Negative and 'rosier' effects of social media revolution on foreign policy debated
The social media revolution was truly revolutionary, changing “how we receive information, how we produce information, how we produce news,” but all these changes “don’t always have positive effects,” said Cameron Abadi, foreign correspondent and web editor for Foreign Affairs, during a public conversation titled “The Internet, Foreign Reporting, and Foreign Policymaking.”
The Oct. 30 event was co-sponsored by the Poynter Fellowship in Journalism, the Yale International Relations Association, and the Yale Globalist Magazine.
As an example of one negative effect, Abadi told the story of Neda, one of the participants in the political protests that swept through Iran following the results of the 2009 elections. This movement is often referred to as the “Green Revolution” or the “Twitter Revolution” since it was the first international event that was widely covered by social media, noted Abadi.
Neda was one of the many casualties of this revolution, and her death was caught on camera. The video spread around the world seemingly in an instant, said Abadi, demonstrating the new power of media to move people and move governments around the world. Some of those who first shared the video wanted to make Neda’s image a symbol of the revolution, to put it on t-shirts and posters, so they went to her Facebook page and used one of her profile pictures.

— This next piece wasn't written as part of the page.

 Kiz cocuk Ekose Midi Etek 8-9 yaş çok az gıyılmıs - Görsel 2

There was one problem, though, noted Abadi, the Neda they found on Facebook was not the one who had died. The Facebook Neda was alive and well, a student in college and not involved in the revolution at all. After the movement coopted her image, she suddenly found herself targeted by her government and was forced to flee the country.

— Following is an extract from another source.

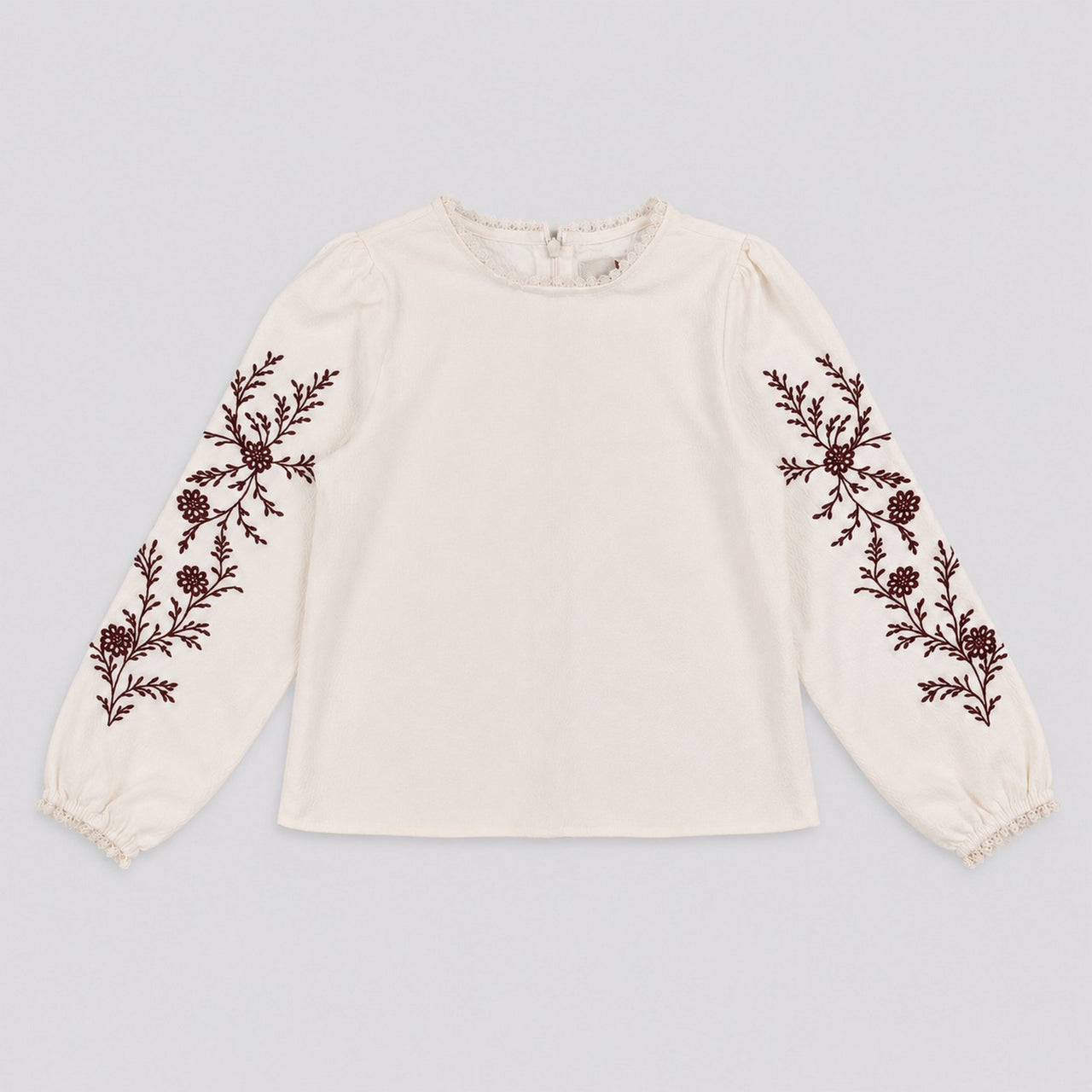 Melange Floral EMB Shirt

Social media eases the access of information, noted the journalist, but it may not be the right information.
Social media has also had other negative impacts, said Abadi. First, there is what he referred to as the “prosaic economic effect.” With most of the traffic to news sites coming from Facebook, subscription and advertising revenue is disappearing, he said. With less money, newspapers can’t afford a large cohort of foreign correspondents, which means that more and more articles are being written by journalists who don’t fully understand the context of the event they are covering, he contended, adding that without this context, journalists’ decision on which event is worth covering is distorted. When an imbedded journalist has been living in the country for years, he or she can sift through things, make an educated decision on what is important and can anticipate events before they occur instead of simply running from crisis to crisis. Abadi told the audience..

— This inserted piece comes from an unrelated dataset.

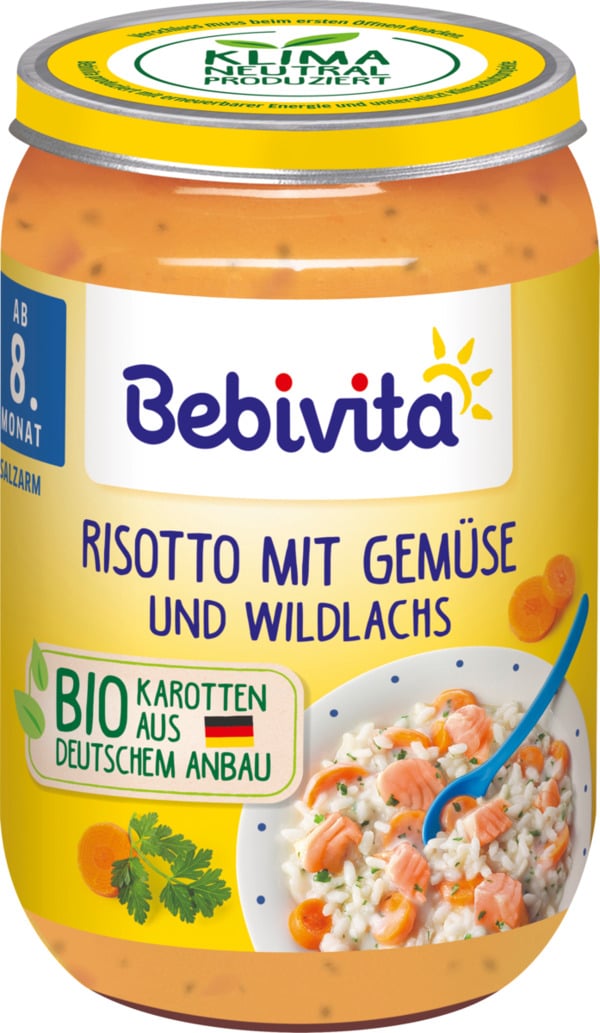 Bild 1 von Bebivita Menü Risotto mit Gemüse und Wildlachs, ab dem 8.Monat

Daniel Kurtz-Phelan, the other participant in the public conversation, painted a slightly rosier picture of the effect of the Internet on journalism. A former State Department speechwriter and member of the Policy Planning Staff, Kurtz-Phelan now serves as a senior fellow at the New America Foundation.
Although he had to “spend hours writing emails apologizing for WikiLeaks on behalf of my bosses [at State Department,” he said, he still has a “more utopian perspective.”
“There are more people accessing better information about international affairs. They have more access to sophisticated analysis than they ever had before,” said Kurtz-Phelan. “When you look at the numbers of the traffic to the New York Times website, there is a really large number of people accessing that information who had no way to get it 20 years ago.”
Kurtz-Phelan did admit that there were some less-than positive aspects to the increased use of social media.
Speaking from his experience in the policy sphere at the State Department, he noted that it has always been difficult to mobilize the population behind complex policies. With social media, this problem is exacerbated, he said, “Things come to the fore quickly and disappear just as quickly.” Often, policymakers find themselves having to overstate or simplify a policy for people to pay attention to it, but oversimplification is always dangerous said Kurtz-Phelan, noting that it can oversell the effects of the policy so people expect more of it than is possible and can lose its diplomatic nuances, offending some people.
In response to said Kurtz-Phelan’s remarks, Abadi said that although people have access to higher quality material, it is unclear whether people are actually accessing it.
“I’m more agnostic about that,” he said.
Noting that most people read news stories their friends post on Facebook, accessed through the “appropriately named newsfeed,” Abadi pointed out to the audience that their friends are then effectively filtering the news for them.
He also pointed out that although the traffic to the New York Times website is high, so is the traffic to “less sophisticated places with poor, and sometimes harmful content.”